### Exercise brief
Your task is to reproduce the listing exactly, without its images.

### Data section
++++++++++
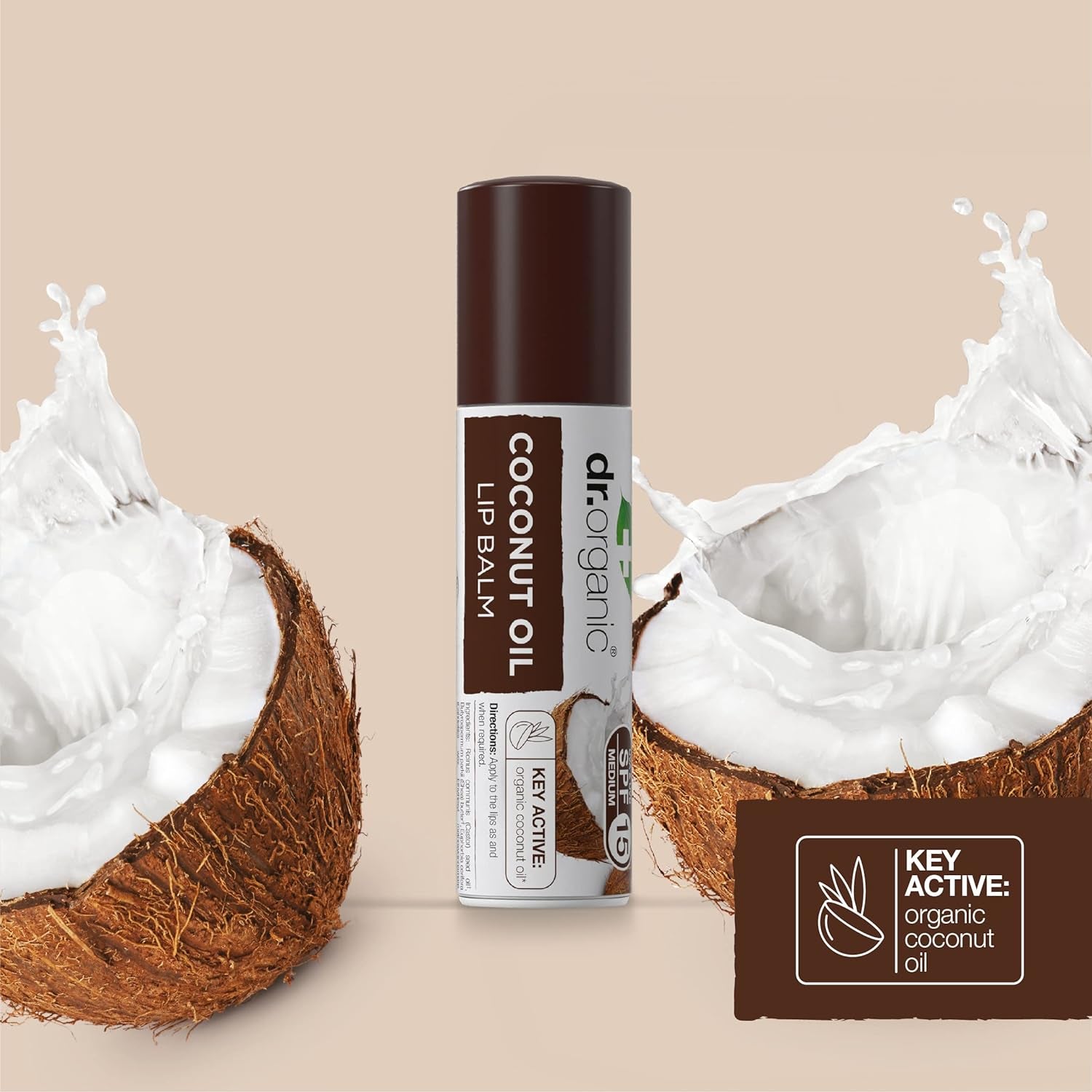 Dr Organic Coconut Oil Lip Balm with SPF 15 - Moisturizing Formula for Men and Women, Natural, Vegetarian, Cruelty-Free, Paraben and SLS-Free, Eco-Friendly Packaging, 5.7ml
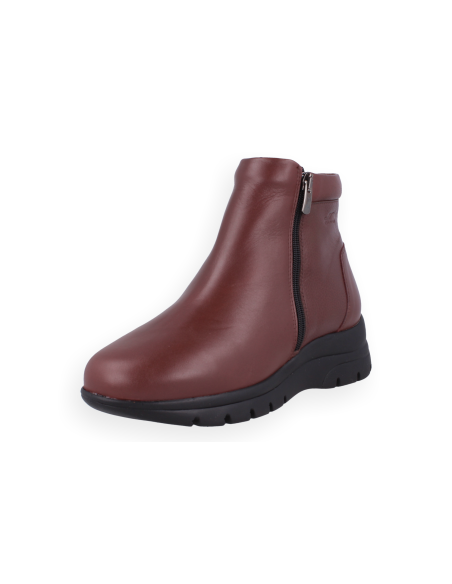 Freda 26 Brown|Women's Extra Wide Leather Boot | Diabetic & Bunion Friendly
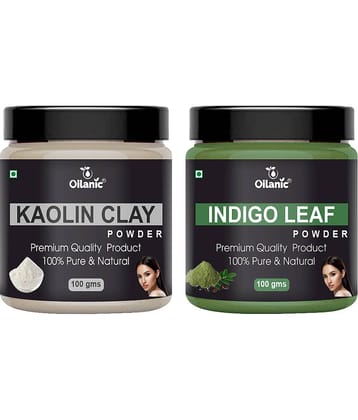 Oilanic 100% Pure Kaolin Clay Powder & Indigo Leaf Powder For Skin Hair Mask 200 g Pack of 2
++++++++++
### Answer to this task
 Dr Organic Coconut Oil Lip Balm with SPF 15 - Moisturizing Formula for Men and Women, Natural, Vegetarian, Cruelty-Free, Paraben and SLS-Free, Eco-Friendly Packaging, 5.7ml
 Freda 26 Brown|Women's Extra Wide Leather Boot | Diabetic & Bunion Friendly
 Oilanic 100% Pure Kaolin Clay Powder & Indigo Leaf Powder For Skin Hair Mask 200 g Pack of 2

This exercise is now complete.